Hadn't he just dropped a bundle of new money on them? Hadn't he all but promised oodles more by launching a review of the government's school funding formula? And what was the thanks he got? School trustees in Toronto, Ottawa and Hamilton have either passed deficit budgets, or refused to present a budget at all, in defiance of provincial law.
"It's passing strange to me," the Premier complained, "that in the year that the province gives $565-million additional [funding] ... to improve the public education system ... that that's the year they would choose to decide ... not to balance their books." But of course it's not strange at all. The Harris Tories were never the skinflints they were made out to be, having overrun their original spending targets by some 25%. But Mr.
Eves' well-advertised flexibility does not signal, to the hardened ideologues and professional negotiators who make their living off the state, that they should curb their appetites. Rather, the message it sends is: The buffet is now open. If the air over Ontario's schools is thick with confrontation, again, it is the unwitting work of Nicely-Nicely Eves -- and his soulmate, Elizabeth Witmer, the Education Minister.
Indeed, had either of them read the report of Al Rosen, the forensic accountant the province appointed to inspect the books at the Ottawa board, they would have found the same advice: More money only encourages them. Mr. Rosen's report not only criticizes the board's refusal to make the reasonable cuts in spending that would enable it to live within its means. It specifically recommends against making any more money available, on the grounds that "trustees would not be motivated to effect obvious cost efficiencies if additional funding were provided." But Ottawa's board is hardly unique in this regard.
Similar analysis is found in the report of Charles Smedmor, the special auditor investigating the Hamilton school board's finances, and in Mr. Rosen's latest effort, released yesterday, this time on the Toronto District School Board.
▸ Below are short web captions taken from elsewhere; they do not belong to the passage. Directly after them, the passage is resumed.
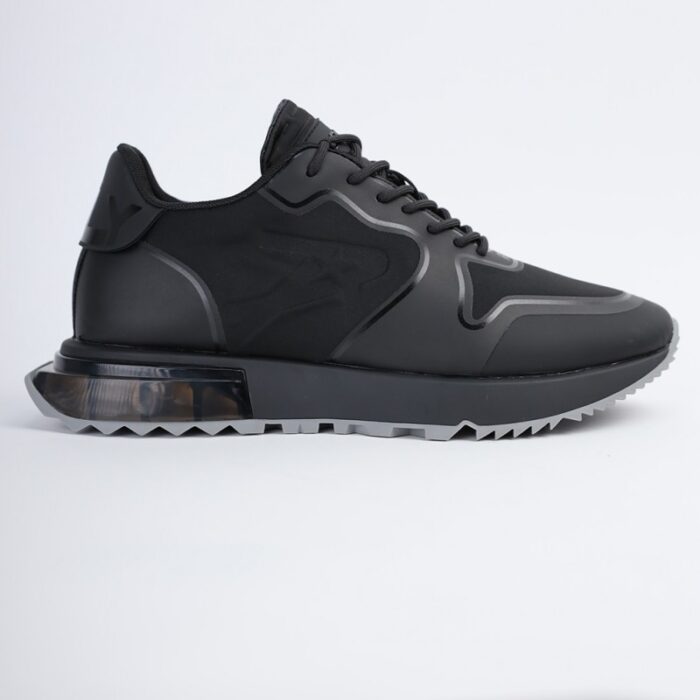 ⁦Replay Men's Trevi Shoes- Black⁩ - الصورة ⁦5⁩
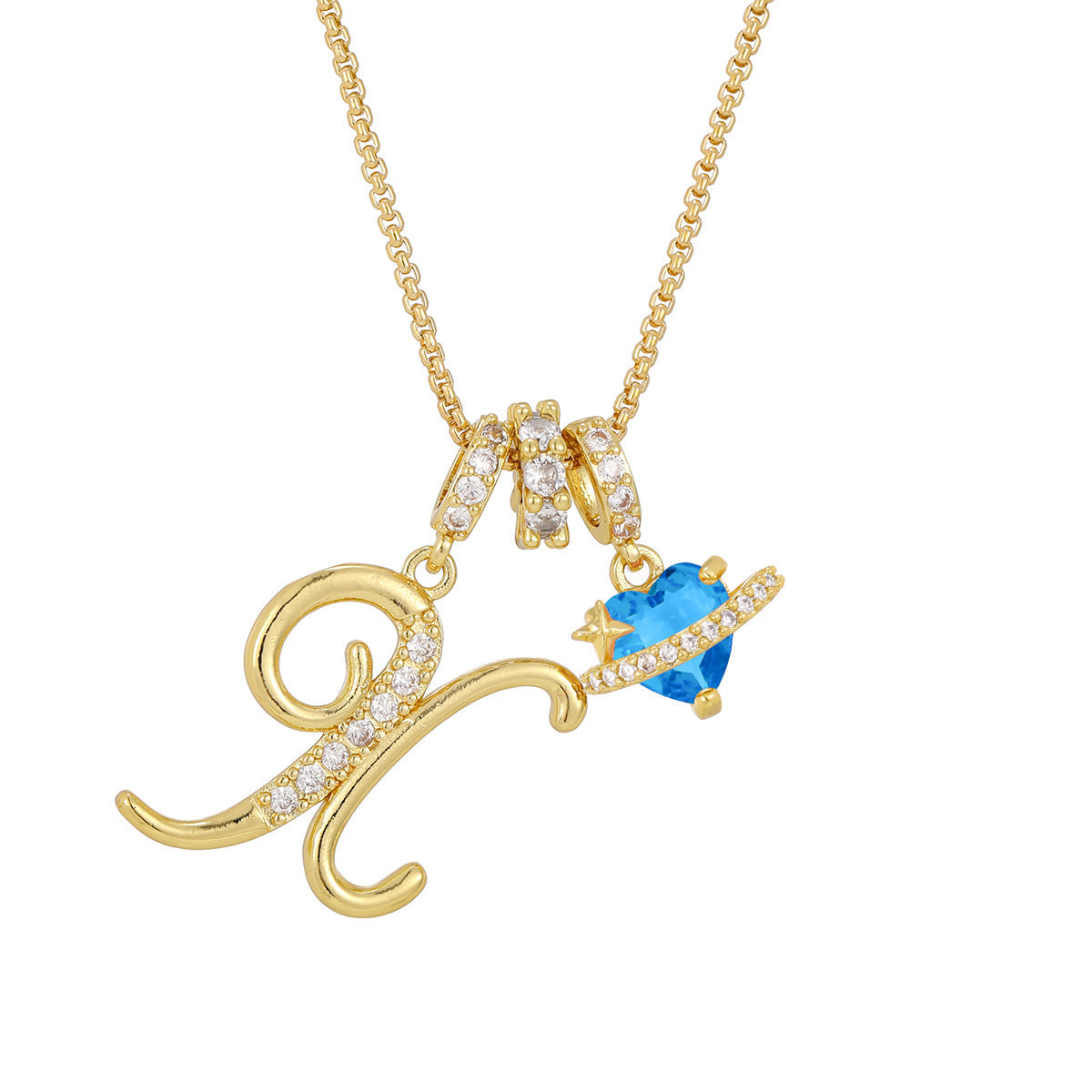 26-letter Alphabet Necklace Dainty And Luxe For Girls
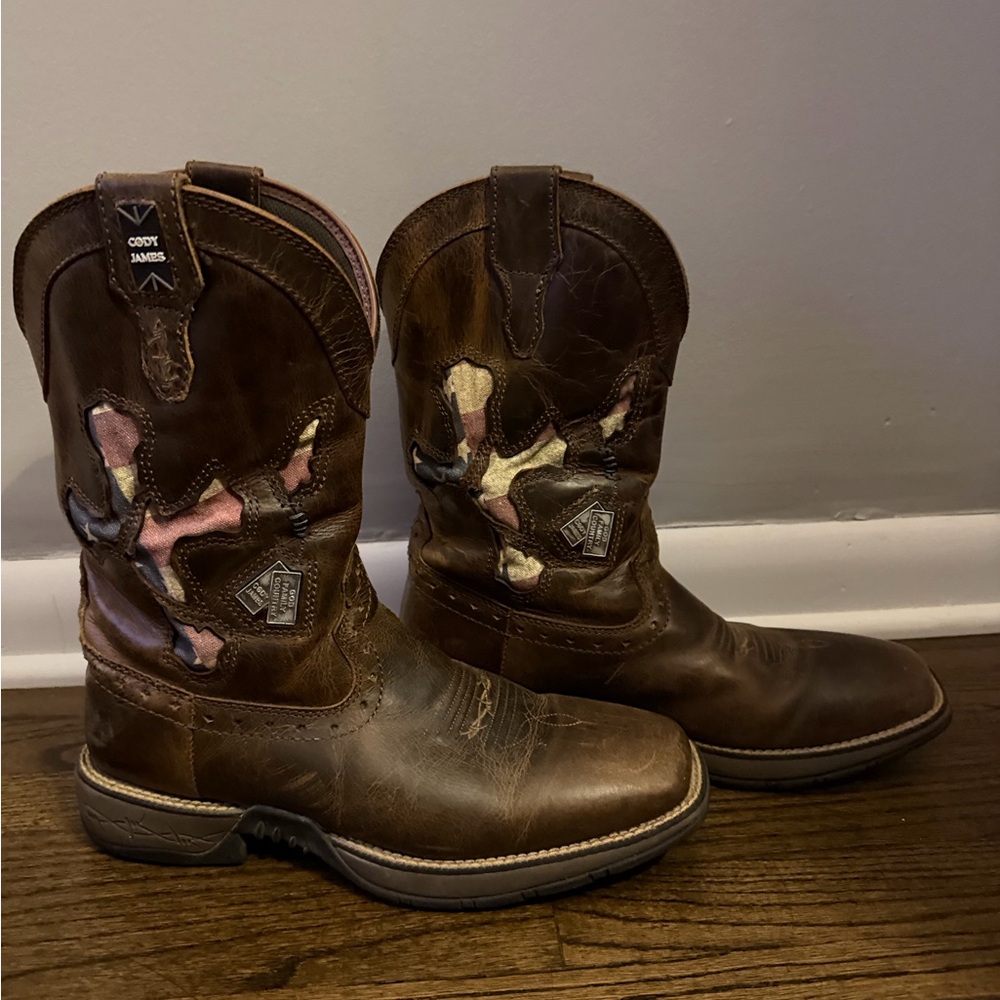 Cody James Men's Brown Western Boots - Picture 4 of 7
All three reports are scathing in their depiction of the financial and political irresponsibility that is endemic among trustees. Mr. Rosen, for example, finds that of $912-million in transitional funding provided to the newly amalgamated Toronto board since 1998, fully three-quarters never made it to the classroom, but rather was eaten up by administrative costs. That would be the same board that is this year headed, according to Mr. Rosen's calculations, for a $140-million deficit, unless the province accepts his recommendation and takes over the board, as it has been urged to do in Hamilton and as it has already done in Ottawa.
Further examples are legion. The Hamilton board, according to Mr. Smedmor, has no means of tracking how many days its full-time teachers are absent -- one reason the cost of supply teachers is running out of control. Conversely, he notes, cutting the supply- teacher budget "may give teachers an incentive to avoid absenteeism where possible," since they would then be forcing their colleagues to cover for them.
It is that culture of fecklessness that is the consistent feature in all three reports. The Hamilton board's deficit was "a direct result of the trustees' unwillingness to close and consolidate schools." Toronto trustees "do not agree that they have broad responsibilities to Ontario's taxpayers." The Ottawa board's financial crisis was "literally self-inflicted," again owing to its refusal to close underused schools.
In which case, the Tories should be asking themselves much more searching questions than whether to take over this or that board. After all, if the boards can be so easily replaced, it suggests that they are less than essential to begin with. Most serious studies of schools that work emphasize the importance of highly motivated and independent principals, with real managerial power over budgets and staff.
How to give Ontario's principals the independence and the motivation they need? Simple.
Blow up the school boards. Make each public school a self-managed institution, with its own budget, free to compete for students, within certain broad guidelines as to curriculum and the like. Yet the Tories' earlier "reforms," far from abolishing school boards, merely cut their number. That is, they made them bigger -- fortresses for every blinkered educrat and partisan activist to wage war on the government.
But maybe Mr. Eves is cannier than I thought. Maybe his weakness is only a feint, designed to lure the boards into overreaching themselves. Maybe the takeover of the Ottawa board is merely the prelude to abolition. Maybe I'll flap my wings and fly to the moon.